I felt her excitement flare. “The lines that we thought were at the bottom—you’re right—it makes more sense if they’re at the top! Like a water line! And if that’s the case, and these are upside down, then...” She reached out and held her thumb over one of the circles in the center of the symbols, without touching it. “I bet this is the ship.
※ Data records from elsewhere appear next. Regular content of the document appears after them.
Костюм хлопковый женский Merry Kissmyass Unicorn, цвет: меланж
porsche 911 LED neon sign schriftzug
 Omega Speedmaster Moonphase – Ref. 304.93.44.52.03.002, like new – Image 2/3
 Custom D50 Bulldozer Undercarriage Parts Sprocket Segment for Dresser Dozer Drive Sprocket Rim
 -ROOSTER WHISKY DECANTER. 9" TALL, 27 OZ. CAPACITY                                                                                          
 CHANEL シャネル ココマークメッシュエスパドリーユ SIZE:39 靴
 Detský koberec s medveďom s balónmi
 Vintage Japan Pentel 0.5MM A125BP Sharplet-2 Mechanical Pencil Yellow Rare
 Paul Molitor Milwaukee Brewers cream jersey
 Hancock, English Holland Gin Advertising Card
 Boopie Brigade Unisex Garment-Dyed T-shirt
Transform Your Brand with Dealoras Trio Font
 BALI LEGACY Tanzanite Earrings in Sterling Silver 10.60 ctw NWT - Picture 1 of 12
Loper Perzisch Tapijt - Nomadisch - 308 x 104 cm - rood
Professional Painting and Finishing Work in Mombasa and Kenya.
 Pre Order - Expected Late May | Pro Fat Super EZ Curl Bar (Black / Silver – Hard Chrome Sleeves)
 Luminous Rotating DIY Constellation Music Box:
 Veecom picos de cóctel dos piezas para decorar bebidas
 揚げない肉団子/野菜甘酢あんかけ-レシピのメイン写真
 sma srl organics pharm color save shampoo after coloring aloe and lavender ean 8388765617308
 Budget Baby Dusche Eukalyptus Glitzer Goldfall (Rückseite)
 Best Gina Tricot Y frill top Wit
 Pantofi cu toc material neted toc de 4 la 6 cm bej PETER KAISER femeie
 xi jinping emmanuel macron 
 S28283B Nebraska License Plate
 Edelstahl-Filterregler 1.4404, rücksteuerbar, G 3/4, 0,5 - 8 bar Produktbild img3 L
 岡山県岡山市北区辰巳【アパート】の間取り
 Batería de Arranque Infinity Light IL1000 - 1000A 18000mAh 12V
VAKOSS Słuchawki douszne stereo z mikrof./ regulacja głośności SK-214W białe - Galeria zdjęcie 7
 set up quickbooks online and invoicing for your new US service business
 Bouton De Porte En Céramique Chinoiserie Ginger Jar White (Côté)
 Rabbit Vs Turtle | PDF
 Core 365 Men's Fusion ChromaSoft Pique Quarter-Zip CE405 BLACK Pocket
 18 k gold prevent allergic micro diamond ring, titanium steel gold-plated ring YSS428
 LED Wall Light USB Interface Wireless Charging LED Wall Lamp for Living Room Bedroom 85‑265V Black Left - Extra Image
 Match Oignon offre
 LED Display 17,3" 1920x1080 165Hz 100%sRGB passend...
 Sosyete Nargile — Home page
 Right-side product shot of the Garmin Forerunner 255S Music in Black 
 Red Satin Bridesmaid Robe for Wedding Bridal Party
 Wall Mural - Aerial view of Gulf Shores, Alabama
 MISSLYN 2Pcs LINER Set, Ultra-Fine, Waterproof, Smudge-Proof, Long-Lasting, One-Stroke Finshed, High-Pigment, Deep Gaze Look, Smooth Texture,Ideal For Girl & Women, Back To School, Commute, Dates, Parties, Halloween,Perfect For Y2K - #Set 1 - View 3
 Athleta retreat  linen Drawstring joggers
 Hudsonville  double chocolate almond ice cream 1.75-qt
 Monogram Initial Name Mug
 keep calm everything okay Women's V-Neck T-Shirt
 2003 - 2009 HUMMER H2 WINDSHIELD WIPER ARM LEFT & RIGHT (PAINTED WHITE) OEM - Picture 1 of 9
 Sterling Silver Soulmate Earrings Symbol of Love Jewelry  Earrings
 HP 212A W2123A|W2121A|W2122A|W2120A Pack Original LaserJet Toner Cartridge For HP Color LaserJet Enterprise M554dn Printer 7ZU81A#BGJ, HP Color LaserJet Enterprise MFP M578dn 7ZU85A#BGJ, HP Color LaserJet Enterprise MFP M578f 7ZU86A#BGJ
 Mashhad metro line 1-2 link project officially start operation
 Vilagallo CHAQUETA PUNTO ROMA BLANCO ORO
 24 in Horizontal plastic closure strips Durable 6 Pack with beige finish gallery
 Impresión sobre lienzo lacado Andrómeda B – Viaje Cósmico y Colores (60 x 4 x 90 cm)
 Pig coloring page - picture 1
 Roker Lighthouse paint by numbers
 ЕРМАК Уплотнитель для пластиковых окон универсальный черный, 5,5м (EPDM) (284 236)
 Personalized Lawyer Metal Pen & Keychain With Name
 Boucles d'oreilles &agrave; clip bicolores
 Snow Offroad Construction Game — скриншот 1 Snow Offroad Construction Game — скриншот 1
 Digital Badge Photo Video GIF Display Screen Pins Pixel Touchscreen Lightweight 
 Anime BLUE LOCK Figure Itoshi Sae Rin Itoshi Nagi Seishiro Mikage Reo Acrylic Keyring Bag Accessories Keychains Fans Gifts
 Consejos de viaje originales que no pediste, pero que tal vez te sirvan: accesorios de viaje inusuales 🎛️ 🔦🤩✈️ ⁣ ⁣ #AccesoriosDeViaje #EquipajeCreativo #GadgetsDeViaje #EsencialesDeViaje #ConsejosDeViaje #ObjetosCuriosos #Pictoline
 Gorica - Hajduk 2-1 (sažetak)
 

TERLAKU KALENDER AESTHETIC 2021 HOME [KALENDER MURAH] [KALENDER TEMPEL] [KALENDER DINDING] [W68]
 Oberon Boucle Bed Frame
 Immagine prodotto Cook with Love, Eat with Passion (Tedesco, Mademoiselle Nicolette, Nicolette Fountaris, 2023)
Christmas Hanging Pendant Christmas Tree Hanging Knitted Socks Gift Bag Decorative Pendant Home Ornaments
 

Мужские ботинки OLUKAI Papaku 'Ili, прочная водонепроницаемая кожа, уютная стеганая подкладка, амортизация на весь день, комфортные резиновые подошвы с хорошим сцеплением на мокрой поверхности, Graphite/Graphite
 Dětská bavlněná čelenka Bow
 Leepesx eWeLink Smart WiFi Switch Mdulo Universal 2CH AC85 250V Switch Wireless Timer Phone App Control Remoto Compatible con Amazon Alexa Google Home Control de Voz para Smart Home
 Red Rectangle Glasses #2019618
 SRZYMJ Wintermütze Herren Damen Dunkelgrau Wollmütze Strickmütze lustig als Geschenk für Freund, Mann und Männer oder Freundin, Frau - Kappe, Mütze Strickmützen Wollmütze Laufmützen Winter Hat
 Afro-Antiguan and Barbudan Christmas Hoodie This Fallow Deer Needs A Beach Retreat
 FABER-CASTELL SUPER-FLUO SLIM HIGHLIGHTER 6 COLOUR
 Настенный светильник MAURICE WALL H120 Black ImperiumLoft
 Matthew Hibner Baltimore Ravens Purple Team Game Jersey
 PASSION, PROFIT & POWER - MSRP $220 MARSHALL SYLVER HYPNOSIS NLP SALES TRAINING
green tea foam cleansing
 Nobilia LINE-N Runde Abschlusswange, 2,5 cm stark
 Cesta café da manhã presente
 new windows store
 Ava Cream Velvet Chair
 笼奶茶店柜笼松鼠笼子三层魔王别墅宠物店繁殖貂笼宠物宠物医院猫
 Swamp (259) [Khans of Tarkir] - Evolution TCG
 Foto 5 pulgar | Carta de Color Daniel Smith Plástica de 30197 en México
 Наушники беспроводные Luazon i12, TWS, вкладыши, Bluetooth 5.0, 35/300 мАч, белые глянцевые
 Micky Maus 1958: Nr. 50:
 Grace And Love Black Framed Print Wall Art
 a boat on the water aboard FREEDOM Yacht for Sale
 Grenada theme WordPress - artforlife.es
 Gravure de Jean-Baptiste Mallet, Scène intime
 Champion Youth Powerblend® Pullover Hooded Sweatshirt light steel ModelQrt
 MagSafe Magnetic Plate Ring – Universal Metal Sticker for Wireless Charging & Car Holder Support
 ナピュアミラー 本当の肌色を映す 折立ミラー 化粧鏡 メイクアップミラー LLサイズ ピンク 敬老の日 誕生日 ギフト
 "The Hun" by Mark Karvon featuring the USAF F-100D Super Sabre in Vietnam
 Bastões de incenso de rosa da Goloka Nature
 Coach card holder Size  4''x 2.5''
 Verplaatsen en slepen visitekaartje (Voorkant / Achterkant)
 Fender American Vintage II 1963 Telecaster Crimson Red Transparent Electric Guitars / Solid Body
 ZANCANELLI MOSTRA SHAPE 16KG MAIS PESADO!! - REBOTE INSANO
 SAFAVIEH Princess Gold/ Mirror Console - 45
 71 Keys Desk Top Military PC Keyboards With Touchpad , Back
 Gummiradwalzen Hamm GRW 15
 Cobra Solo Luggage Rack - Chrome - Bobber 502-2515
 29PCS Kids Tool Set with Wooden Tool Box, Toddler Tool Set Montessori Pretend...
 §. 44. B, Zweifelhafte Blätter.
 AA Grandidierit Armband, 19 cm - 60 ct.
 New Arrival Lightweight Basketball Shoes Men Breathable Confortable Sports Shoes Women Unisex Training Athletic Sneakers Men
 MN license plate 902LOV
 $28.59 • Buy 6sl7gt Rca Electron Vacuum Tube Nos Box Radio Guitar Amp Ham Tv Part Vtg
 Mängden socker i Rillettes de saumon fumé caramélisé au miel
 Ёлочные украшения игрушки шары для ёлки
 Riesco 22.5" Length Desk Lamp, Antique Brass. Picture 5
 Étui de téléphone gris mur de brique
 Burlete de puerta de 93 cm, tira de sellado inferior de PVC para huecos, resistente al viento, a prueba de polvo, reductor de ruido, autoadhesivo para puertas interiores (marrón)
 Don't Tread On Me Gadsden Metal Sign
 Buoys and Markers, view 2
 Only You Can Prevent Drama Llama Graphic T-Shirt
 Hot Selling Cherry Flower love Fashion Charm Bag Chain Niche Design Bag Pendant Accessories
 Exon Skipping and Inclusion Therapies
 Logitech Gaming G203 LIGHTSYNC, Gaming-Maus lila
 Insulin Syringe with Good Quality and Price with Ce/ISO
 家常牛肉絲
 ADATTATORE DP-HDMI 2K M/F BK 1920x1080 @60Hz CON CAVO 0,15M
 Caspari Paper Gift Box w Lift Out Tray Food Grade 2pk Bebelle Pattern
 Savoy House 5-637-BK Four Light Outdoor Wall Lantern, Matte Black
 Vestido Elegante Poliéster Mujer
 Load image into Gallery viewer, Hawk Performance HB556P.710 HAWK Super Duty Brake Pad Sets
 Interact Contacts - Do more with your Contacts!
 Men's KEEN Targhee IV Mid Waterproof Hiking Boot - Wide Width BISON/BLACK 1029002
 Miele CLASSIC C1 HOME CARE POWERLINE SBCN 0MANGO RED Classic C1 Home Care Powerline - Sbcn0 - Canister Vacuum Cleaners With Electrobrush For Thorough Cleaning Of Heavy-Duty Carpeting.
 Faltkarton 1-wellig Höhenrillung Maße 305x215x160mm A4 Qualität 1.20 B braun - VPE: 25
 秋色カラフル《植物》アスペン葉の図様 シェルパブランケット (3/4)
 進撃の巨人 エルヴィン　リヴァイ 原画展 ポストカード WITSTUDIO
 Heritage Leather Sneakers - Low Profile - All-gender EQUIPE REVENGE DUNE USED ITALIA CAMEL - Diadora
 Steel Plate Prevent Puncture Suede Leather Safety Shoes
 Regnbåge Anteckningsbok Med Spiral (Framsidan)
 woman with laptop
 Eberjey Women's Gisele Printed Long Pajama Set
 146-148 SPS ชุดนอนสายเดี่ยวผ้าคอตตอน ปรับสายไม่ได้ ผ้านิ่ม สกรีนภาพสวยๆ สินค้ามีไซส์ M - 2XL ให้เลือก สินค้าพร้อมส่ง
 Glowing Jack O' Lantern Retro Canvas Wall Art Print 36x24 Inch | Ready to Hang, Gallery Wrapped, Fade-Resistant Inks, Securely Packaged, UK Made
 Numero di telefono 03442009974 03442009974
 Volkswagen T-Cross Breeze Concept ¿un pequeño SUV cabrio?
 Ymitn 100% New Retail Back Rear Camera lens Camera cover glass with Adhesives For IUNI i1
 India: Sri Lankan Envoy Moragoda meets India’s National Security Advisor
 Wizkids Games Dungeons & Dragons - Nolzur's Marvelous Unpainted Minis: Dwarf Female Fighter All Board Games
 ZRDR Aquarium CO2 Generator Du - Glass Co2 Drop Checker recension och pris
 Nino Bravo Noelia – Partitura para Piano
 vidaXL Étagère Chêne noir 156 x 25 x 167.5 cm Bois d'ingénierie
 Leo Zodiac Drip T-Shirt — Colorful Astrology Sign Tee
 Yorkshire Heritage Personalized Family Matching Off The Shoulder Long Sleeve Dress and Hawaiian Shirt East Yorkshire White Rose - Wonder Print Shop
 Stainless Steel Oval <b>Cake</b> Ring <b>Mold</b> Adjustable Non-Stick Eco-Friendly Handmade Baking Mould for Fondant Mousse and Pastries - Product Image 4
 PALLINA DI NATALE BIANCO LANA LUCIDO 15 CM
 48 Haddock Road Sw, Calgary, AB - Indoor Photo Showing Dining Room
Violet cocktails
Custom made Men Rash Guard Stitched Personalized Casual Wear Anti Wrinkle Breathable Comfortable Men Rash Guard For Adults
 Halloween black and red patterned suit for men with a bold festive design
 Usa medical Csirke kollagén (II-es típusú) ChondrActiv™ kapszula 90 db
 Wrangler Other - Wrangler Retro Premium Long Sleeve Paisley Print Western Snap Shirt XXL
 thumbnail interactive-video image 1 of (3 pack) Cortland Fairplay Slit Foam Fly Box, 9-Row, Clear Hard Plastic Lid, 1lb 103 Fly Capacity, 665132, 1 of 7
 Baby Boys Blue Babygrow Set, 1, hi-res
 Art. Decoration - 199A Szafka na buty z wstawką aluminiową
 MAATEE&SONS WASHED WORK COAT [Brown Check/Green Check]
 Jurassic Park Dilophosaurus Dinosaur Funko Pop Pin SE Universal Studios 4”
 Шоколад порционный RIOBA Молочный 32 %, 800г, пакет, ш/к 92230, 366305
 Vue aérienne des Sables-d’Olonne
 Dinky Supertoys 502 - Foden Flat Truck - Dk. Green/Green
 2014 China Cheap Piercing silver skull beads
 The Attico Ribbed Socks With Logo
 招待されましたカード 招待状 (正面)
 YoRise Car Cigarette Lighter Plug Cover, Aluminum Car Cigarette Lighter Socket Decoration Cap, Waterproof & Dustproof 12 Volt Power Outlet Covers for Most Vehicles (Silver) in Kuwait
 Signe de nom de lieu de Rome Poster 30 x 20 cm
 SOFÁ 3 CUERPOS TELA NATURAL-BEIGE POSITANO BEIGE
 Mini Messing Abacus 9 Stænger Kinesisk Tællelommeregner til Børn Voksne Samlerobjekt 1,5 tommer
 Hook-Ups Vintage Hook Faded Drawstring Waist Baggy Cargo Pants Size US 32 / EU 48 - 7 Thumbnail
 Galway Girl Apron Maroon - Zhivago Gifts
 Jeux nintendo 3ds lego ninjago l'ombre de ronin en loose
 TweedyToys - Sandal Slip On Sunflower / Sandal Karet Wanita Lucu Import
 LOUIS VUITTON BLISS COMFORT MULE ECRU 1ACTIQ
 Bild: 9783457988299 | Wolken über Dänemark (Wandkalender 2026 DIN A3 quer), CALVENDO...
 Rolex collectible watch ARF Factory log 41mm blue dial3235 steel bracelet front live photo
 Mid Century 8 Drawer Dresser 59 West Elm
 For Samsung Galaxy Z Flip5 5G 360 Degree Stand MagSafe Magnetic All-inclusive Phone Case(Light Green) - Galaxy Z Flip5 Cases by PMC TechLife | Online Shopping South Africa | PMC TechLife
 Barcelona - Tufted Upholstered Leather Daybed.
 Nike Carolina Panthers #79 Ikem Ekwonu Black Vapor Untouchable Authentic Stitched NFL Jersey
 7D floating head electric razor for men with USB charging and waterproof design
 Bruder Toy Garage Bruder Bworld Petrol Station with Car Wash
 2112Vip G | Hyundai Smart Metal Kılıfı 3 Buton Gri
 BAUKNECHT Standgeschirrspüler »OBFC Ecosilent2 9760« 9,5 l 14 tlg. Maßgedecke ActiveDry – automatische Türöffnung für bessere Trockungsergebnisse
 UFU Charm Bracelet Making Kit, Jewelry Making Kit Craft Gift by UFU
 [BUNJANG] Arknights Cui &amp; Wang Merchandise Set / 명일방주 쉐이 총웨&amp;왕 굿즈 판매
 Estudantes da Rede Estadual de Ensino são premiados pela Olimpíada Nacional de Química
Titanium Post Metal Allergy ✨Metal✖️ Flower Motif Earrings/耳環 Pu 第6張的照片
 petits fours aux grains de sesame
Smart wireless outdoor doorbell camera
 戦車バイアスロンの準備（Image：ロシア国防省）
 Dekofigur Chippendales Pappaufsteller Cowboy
Under the waves.”

I inspected it more closely. “It looks like an egg.”

“Why not both?” she said cheerfully before sobering. “But Ceph—that’s Doctor Pearl to you.”

I couldn’t tell if she was joking or not—but I suspected I’d been too familiar.

Before I could worry about it more, she went on.

“Can you pick me up again? Because if I can scan the entire thing now with my cameras, it’ll be a lot easier to flip the footage and see if any of it makes more sense that way.”

And now that I understood more about how her camera worked, having witnessed its output myself in her mind, it was easier to tease apart the images she’d sent me earlier, her learned fiction from her actual memories.

“May the force be with you,” I told her, reaching my arms out, as she stopped and crossed hers.

“Please say you are kidding.”

I grinned at her, and I saw her inside her helmet, grinning back. “But you sent it to me!” I protested. “It was brighter than all the other memories you shared, too,” I complained, letting my amusement trickle across our ’qa.

“Bonding with you was a mistake,” she complained, while also laughing, coming nearer at last. I picked her up again easily, and started ascending up the structure’s wall with strong, even strokes.

“It was not, Elle of the Air. You are exactly where you need to be,” I said—meaning nothing about the site surrounding us, and everything about the fact that she was held within my arms. “Although maybe when we are finished with this, you could explain more of your Star Wars to me.”

“It would be my pleasure.”

chapter 23

CEPHARIUS

This time she wriggled with excitement—and I longed to put many more of my tentacles upon her. Every sucker that didn’t touch a part of her felt bereft.

But I managed to contain myself. She was happier now, because of me.

I carried her slowly over the entire side of the structure, sweeping across it at an even speed, and I heard her counting along the way until we got to a place where there were no symbols at all at the very top.

“Why would they stop?” She put her hand to her helmet, as if it helped her think.

“Maybe they ran out of time?” I guessed. “There’s more on all of the other visible sides, but your cable won’t stretch that far.”

She groaned. “I can’t believe how limiting this is.”

“If they’d crashed somewhere more accessible, you wouldn’t be with me,” I teased, and felt her stiffen. I was worrying I’d said the wrong thing, when she agreed.

“Is it possible they landed in the ocean on purpose? Something this large hitting the ground, it should’ve left a blast radius, but there’s still deep cliffs on both this trench’s sides. So maybe if they didn’t crash. If they landed, did they come here to hide?”

I had no idea.

All I knew was I loved to watch her think.